Eh, ngomong– ngomong lo masuk kelas berapa?” Tanya Sivia.
“Kelas Xc.”
Sivia tersenyum lebar,” Oh, itu mah kelas gue juga. Udah yuk, kita masuk kelas, bentar lagi bel nih.”
@@@
Ify
melangkah keluar kelas dengan senyum diwajahnya, ternyata sekolah ini
tidak selaknat yang Ify bayangkan. Tidak semua teman barunya bersikap
dingin pada Ify, ya, walaupun ada beberapa temannya yang belum bisa
menerima kehadiran Ify.
“Ify…” Panggil sivia lantas berlari
menghampiri Ify. Ify menoleh, lantas memamerkan senyum manisnya. Tapi
tiba– tiba matanya tertuju pada sebuah ember merah berukuran sedang yang
dibawa Sivia.
“itu apaan, vi?” Tanya Ify penasaran.
“Ini?
Ini buat nge-pel lantai kelas. Biasa lah, kemaren gue lupa piket, jadi
gantinya gue harus nge-pel hari ini.“ Ify manggut – manggut,
“Eh,
bisa pegangin bentar gak? Gue kebelet nih, gue kekamar mandi bentar
ya..” Seru Sivia lantas menyerahkan ember ditangannya pada Ify.
Ify
ngakak melihat tingkah teman barunya yang berlari kearah toilet. Sambil
menunggu Sivia, ia berjalan disekitar lorong sekolah, memperhatikan
berbagai piala dan piagam yang tersusun rapi didalam lemari kaca. Ada
berbagai macam piala dari berbagai macam lomba, ada lomba matematika,
PMR, lomba nyanyi, sampai modern dance. Keren.
Tapi tiba– tiba….
“The
Four Mr. Perfect kita udah dateeeeeeeeng!!!” sebuah teriakan histeris
terdengar tepat ditelinga Ify. teriakan seorang cewek yang langsung
disambut oleh cewek– cewek lain. Ify yang terkejut dengan teriakan
histeris itu lantas menjatuhkan ember merah yang sejak tadi tergantung
ditangannya. Dan sialnya, seluruh air dalam ember itu tumpah keluar dari
ember dan berceceran dimana– mana, Ify yang panic pun berusaha meraih
ember merah itu, dan alangkah sialnya lagi, dari arah berlawanan keempat
cowok yang diberi gelar The Four Mr.

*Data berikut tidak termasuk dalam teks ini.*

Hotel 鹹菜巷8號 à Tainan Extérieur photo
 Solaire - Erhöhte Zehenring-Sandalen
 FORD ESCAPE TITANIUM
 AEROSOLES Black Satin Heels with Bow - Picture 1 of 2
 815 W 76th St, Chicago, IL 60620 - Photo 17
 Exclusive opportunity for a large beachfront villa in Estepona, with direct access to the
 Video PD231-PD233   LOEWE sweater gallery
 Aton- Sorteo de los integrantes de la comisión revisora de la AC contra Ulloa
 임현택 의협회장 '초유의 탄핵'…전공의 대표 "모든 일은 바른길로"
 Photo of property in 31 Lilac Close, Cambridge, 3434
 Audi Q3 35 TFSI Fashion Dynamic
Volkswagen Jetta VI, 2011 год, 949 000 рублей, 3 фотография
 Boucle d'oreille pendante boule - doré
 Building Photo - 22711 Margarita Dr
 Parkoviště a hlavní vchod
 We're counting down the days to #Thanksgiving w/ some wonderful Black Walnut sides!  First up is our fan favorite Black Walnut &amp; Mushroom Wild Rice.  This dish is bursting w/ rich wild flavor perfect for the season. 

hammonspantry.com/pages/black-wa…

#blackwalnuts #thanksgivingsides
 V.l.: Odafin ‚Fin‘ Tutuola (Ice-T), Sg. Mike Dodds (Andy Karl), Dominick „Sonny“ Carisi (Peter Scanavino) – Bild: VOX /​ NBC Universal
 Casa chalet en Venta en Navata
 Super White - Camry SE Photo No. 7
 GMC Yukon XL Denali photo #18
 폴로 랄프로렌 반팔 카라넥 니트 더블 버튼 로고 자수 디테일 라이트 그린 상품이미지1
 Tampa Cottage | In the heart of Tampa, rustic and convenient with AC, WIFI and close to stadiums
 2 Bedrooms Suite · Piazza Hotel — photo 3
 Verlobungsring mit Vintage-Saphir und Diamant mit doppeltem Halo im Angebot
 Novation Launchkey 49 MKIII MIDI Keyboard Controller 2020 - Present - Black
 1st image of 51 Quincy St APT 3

Perfect itu datang dan melangkah
dengan tenangnya, Ify terkejut setengah mati begitu melihat siapa yang
datang dari arah berlawanan, keempat cowok itu. Keempat cowok sombong
yang dilihatnya tadi pagi, keempat cowok yang dberi gelar The Four Mr.
Perfect!!! Ify menutup mata, ia tidak berani melihat apa yang akan
terjadi didepannya, dalam kepanikan yang semakin menjadi–jadi, ify
berkata pelan, “Plis jangan jatoh… plis jangan jatoh…plis jangan
jatoh….” Ify terus berkata seperti itu, sampai akhirnya,
BRRRRRUUUUUUUUUUUKKKKK!!!! Oh no!!! Ify terkulai lemas, habislah dia!